The Solution: 4-Node and 5-Node Control Plane for Stretched Clusters 🚀

To increase resiliency during data-center-level failures, OpenShift can leverage 4-node or 5-node control-plane deployments, such as:

2+2
3+2

With these designs, even if an entire site is lost, the remaining location still retains two read-only copies of etcd, significantly boosting cluster recoverability and reducing the risk of losing quorum.

Today, the cluster-etcd-operator already supports up to five etcd members, automatically scaling in environments using MachineSets.
But in bare-metal or agent-based installations, MachineSets are not available—meaning the operator won't scale automatically but will adjust etcd peers when control-plane nodes are added manually.

This is exactly the workflow we aim to validate and officially support.

🔧 Note: This capability is specifically targeted at bare-metal clusters, with a strong focus on OpenShift Virtualization use cases.

Goals 🎯

Validate and support 4-node and 5-node control-plane architectures for bare-metal stretched clusters, under the following constraints:

Bare-metal control-plane nodes
Installed via Assisted Installer or Agent-based Installer
Shared Layer 3 network across locations
Latency < 10 ms between all control-plane nodes
Minimum 10 Gbps bandwidth
etcd stored on SSD or NVMe

Acceptance Criteria ✔️

📌 Performance

Control plane performance and scalability must show less than 10% degradation when compared to standard HA clusters.

📌 Recovery Procedures

Documentation must be validated and updated for manual control-plane recovery in cases of quorum loss.

+21

Chris.Childerhose
Veeam Legend, Veeam Vanguard
Forum|Forum|2 months ago
November 17, 2025

Nice to see how other hypervisors are handling clustering and recovery. Thanks for sharing this one Esteban.

JailBreak
Veeam Vanguard
Forum|Forum|2 months ago
November 18, 2025

Openshift is not a Hypervisor per se, but a Kubernetes-based container platform that now uses OpenShift Virtualization VMs (KubeVirt VMs on KVM) but is good to see that they are improving a lot the product. That is a very good sign for a possible good and trustful Enterprise alternative to VMware.

Best Regards, Luciano Patrão

+13

lukas.k
Influencer
Forum|Forum|2 months ago
November 18, 2025

Nice writeup, thanks for the input!

Does anyone already have experience with the support? Imo there are great products (“Broadcom competitors”) on the market but it often comes down to support - that’s the feedback from my customers.

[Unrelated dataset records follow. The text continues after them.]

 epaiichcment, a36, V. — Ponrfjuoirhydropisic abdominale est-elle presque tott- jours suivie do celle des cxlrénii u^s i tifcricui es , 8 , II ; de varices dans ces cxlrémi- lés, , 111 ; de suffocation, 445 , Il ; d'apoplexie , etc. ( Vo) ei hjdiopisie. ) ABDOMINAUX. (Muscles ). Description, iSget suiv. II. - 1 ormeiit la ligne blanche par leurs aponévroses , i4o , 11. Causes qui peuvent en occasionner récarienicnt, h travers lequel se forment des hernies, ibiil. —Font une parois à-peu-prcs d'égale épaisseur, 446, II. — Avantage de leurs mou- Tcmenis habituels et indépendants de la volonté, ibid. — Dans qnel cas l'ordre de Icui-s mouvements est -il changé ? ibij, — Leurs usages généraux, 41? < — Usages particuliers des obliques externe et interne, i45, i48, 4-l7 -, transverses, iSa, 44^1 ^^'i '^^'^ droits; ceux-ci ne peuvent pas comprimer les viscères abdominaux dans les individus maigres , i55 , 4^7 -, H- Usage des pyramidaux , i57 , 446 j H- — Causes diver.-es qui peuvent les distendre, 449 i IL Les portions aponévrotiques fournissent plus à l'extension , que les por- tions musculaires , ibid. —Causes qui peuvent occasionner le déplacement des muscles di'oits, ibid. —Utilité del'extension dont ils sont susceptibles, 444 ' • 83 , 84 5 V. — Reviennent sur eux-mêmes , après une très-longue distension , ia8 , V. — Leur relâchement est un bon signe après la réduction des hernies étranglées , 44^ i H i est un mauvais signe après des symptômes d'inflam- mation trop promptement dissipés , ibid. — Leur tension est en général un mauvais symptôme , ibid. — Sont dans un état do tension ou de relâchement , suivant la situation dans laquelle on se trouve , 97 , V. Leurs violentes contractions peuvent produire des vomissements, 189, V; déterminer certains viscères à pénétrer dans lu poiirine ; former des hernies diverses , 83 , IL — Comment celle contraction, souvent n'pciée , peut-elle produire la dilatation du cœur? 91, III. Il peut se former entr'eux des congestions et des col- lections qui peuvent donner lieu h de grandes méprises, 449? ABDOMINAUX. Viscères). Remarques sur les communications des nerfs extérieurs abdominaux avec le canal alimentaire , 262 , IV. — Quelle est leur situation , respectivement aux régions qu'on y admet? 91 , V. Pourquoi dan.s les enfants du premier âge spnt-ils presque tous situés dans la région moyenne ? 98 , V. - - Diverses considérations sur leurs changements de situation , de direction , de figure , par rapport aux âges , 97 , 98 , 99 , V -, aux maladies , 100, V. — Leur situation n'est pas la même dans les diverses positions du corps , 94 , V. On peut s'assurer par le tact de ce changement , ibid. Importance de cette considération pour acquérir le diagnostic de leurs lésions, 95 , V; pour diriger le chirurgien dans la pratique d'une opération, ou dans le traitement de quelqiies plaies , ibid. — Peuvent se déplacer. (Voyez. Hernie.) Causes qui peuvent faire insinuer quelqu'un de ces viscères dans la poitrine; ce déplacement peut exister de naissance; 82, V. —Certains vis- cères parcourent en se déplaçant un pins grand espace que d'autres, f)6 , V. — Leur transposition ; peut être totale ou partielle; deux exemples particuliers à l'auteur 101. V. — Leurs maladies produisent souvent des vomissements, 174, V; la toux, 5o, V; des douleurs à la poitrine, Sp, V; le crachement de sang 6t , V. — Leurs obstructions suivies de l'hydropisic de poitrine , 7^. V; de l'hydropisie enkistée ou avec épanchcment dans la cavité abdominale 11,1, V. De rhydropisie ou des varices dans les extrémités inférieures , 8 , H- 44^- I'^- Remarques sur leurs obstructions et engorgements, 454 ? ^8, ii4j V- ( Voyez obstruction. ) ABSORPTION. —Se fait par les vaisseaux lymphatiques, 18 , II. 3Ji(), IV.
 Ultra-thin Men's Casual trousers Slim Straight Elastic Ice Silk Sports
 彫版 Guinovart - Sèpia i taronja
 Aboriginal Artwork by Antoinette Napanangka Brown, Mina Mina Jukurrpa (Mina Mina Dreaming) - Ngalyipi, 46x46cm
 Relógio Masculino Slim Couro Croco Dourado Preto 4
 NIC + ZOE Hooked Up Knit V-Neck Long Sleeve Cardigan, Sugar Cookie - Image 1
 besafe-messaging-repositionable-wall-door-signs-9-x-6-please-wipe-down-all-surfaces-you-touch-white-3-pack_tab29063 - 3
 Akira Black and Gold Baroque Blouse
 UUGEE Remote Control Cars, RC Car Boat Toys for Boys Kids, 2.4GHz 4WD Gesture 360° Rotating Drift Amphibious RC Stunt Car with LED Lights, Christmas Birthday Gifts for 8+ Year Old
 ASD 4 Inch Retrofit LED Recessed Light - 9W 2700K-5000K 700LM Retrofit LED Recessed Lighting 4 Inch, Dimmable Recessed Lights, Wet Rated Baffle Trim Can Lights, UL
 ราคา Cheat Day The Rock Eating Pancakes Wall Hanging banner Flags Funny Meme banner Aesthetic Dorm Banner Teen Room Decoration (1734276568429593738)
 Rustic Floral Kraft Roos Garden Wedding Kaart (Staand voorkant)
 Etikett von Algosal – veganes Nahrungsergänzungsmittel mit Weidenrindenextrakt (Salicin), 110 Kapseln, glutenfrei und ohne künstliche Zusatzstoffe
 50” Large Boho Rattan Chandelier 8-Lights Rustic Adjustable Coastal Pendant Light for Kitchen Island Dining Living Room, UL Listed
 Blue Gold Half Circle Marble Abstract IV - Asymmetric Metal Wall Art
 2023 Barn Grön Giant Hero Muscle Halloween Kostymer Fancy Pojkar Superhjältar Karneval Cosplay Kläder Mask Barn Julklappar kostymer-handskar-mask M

LK | Enterprise Architect @ Veeam Software | Former Veeam Vanguard | Security Specialist

eprieto
Author
Veeam Legend
Forum|Forum|2 months ago
November 19, 2025

Nice writeup, thanks for the input!

Red Hat has a lot of experience with Kubernetes and Kubevirt/KVM, so I don't think support will be a problem in this case. For example, here in Latin America, we have support in Spanish, which is highly valued. But it's something the client needs to be aware of when trying to switch from one technology to another.

Esteban - Red Hat Certified Specialist in OpenShift Virtualization -VMCE - VMCAv1 - VMCT - https://estebanprieto.home.blog/

eprieto
Author
Veeam Legend
Forum|Forum|2 months ago
November 19, 2025

Thanks, Luciano. We certainly strive to make improvements with each OpenShift release and achieve customer satisfaction.

Esteban - Red Hat Certified Specialist in OpenShift Virtualization -VMCE - VMCAv1 - VMCT - https://estebanprieto.home.blog/

Boosting Resilience in Bare-Metal Active Active Clusters: 4 and 5 Node Control Plane Architecture (4.17 ⬆ Version)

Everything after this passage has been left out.